WHAT IS BEING ASKED: Quote the records that follow in full, leaving the pictures out.

RECORDS TO USE:
-- Opening Marker --
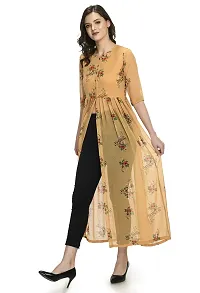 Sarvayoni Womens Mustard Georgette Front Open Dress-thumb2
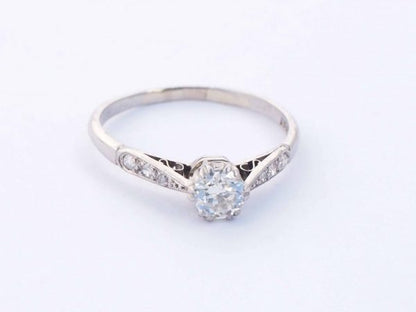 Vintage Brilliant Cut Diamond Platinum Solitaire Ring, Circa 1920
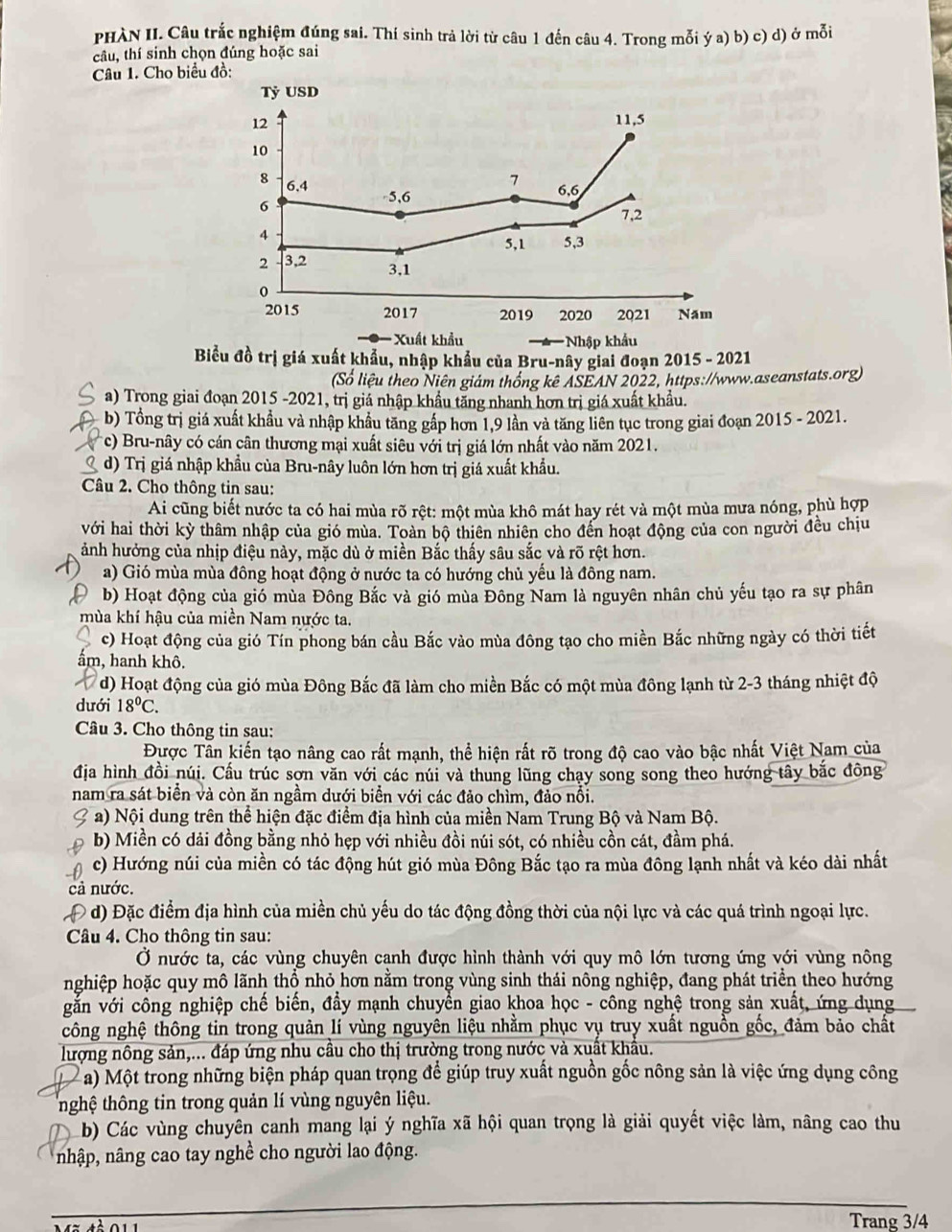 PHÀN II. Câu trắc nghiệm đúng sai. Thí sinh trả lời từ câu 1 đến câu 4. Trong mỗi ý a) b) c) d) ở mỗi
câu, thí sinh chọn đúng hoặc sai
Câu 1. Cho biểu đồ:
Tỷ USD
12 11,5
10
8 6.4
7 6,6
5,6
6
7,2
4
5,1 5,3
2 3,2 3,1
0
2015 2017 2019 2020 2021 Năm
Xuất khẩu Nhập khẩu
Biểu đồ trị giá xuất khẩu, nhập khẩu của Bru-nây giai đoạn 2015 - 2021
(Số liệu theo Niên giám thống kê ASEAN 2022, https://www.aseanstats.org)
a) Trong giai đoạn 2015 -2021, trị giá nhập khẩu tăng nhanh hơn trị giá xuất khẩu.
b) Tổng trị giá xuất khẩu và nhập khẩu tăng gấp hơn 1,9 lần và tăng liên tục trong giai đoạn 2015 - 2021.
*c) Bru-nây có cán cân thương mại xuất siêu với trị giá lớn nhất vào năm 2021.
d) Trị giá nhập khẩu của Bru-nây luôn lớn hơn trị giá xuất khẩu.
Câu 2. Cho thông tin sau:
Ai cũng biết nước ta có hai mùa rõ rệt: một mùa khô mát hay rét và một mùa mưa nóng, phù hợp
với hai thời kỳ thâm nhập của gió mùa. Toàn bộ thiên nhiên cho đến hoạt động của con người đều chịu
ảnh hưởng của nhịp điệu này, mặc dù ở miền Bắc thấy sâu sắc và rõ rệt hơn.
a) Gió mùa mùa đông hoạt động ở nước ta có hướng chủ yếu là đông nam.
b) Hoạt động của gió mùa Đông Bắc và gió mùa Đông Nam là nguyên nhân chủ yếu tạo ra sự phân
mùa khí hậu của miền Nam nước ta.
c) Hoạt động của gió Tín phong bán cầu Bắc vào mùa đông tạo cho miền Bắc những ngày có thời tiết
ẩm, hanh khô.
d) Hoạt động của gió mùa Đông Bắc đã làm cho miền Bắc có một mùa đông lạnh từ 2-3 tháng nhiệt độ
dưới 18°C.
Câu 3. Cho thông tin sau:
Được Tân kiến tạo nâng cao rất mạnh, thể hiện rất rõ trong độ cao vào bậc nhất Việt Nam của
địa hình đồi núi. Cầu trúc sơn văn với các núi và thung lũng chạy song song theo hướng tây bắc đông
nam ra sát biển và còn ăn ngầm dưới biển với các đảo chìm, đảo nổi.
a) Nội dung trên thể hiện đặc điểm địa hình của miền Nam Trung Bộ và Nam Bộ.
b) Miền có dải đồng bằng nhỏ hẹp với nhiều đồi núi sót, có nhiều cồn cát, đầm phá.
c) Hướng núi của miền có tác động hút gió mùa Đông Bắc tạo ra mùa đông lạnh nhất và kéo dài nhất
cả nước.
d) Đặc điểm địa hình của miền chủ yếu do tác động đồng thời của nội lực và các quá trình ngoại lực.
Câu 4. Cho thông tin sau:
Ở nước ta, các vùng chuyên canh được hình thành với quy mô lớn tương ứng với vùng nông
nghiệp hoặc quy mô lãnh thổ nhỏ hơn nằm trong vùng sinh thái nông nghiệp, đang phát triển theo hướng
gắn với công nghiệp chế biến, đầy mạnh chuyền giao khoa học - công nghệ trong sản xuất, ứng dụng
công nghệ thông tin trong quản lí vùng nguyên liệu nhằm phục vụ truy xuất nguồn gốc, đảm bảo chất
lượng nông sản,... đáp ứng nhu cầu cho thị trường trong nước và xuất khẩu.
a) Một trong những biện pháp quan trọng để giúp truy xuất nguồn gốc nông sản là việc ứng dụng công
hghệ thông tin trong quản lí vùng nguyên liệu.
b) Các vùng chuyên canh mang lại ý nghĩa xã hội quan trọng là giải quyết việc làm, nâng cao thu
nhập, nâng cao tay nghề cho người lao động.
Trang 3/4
-- Closing Marker --
EXERCISE ANSWER:
 Sarvayoni Womens Mustard Georgette Front Open Dress-thumb2
 Vintage Brilliant Cut Diamond Platinum Solitaire Ring, Circa 1920
 PHÀN II. Câu trắc nghiệm đúng sai. Thí sinh trả lời từ câu 1 đến câu 4. Trong mỗi ý a) b) c) d) ở mỗi
câu, thí sinh chọn đúng hoặc sai
Câu 1. Cho biểu đồ:
Tỷ USD
12 11,5
10
8 6.4
7 6,6
5,6
6
7,2
4
5,1 5,3
2 3,2 3,1
0
2015 2017 2019 2020 2021 Năm
Xuất khẩu Nhập khẩu
Biểu đồ trị giá xuất khẩu, nhập khẩu của Bru-nây giai đoạn 2015 - 2021
(Số liệu theo Niên giám thống kê ASEAN 2022, https://www.aseanstats.org)
a) Trong giai đoạn 2015 -2021, trị giá nhập khẩu tăng nhanh hơn trị giá xuất khẩu.
b) Tổng trị giá xuất khẩu và nhập khẩu tăng gấp hơn 1,9 lần và tăng liên tục trong giai đoạn 2015 - 2021.
*c) Bru-nây có cán cân thương mại xuất siêu với trị giá lớn nhất vào năm 2021.
d) Trị giá nhập khẩu của Bru-nây luôn lớn hơn trị giá xuất khẩu.
Câu 2. Cho thông tin sau:
Ai cũng biết nước ta có hai mùa rõ rệt: một mùa khô mát hay rét và một mùa mưa nóng, phù hợp
với hai thời kỳ thâm nhập của gió mùa. Toàn bộ thiên nhiên cho đến hoạt động của con người đều chịu
ảnh hưởng của nhịp điệu này, mặc dù ở miền Bắc thấy sâu sắc và rõ rệt hơn.
a) Gió mùa mùa đông hoạt động ở nước ta có hướng chủ yếu là đông nam.
b) Hoạt động của gió mùa Đông Bắc và gió mùa Đông Nam là nguyên nhân chủ yếu tạo ra sự phân
mùa khí hậu của miền Nam nước ta.
c) Hoạt động của gió Tín phong bán cầu Bắc vào mùa đông tạo cho miền Bắc những ngày có thời tiết
ẩm, hanh khô.
d) Hoạt động của gió mùa Đông Bắc đã làm cho miền Bắc có một mùa đông lạnh từ 2-3 tháng nhiệt độ
dưới 18°C.
Câu 3. Cho thông tin sau:
Được Tân kiến tạo nâng cao rất mạnh, thể hiện rất rõ trong độ cao vào bậc nhất Việt Nam của
địa hình đồi núi. Cầu trúc sơn văn với các núi và thung lũng chạy song song theo hướng tây bắc đông
nam ra sát biển và còn ăn ngầm dưới biển với các đảo chìm, đảo nổi.
a) Nội dung trên thể hiện đặc điểm địa hình của miền Nam Trung Bộ và Nam Bộ.
b) Miền có dải đồng bằng nhỏ hẹp với nhiều đồi núi sót, có nhiều cồn cát, đầm phá.
c) Hướng núi của miền có tác động hút gió mùa Đông Bắc tạo ra mùa đông lạnh nhất và kéo dài nhất
cả nước.
d) Đặc điểm địa hình của miền chủ yếu do tác động đồng thời của nội lực và các quá trình ngoại lực.
Câu 4. Cho thông tin sau:
Ở nước ta, các vùng chuyên canh được hình thành với quy mô lớn tương ứng với vùng nông
nghiệp hoặc quy mô lãnh thổ nhỏ hơn nằm trong vùng sinh thái nông nghiệp, đang phát triển theo hướng
gắn với công nghiệp chế biến, đầy mạnh chuyền giao khoa học - công nghệ trong sản xuất, ứng dụng
công nghệ thông tin trong quản lí vùng nguyên liệu nhằm phục vụ truy xuất nguồn gốc, đảm bảo chất
lượng nông sản,... đáp ứng nhu cầu cho thị trường trong nước và xuất khẩu.
a) Một trong những biện pháp quan trọng để giúp truy xuất nguồn gốc nông sản là việc ứng dụng công
hghệ thông tin trong quản lí vùng nguyên liệu.
b) Các vùng chuyên canh mang lại ý nghĩa xã hội quan trọng là giải quyết việc làm, nâng cao thu
nhập, nâng cao tay nghề cho người lao động.
Trang 3/4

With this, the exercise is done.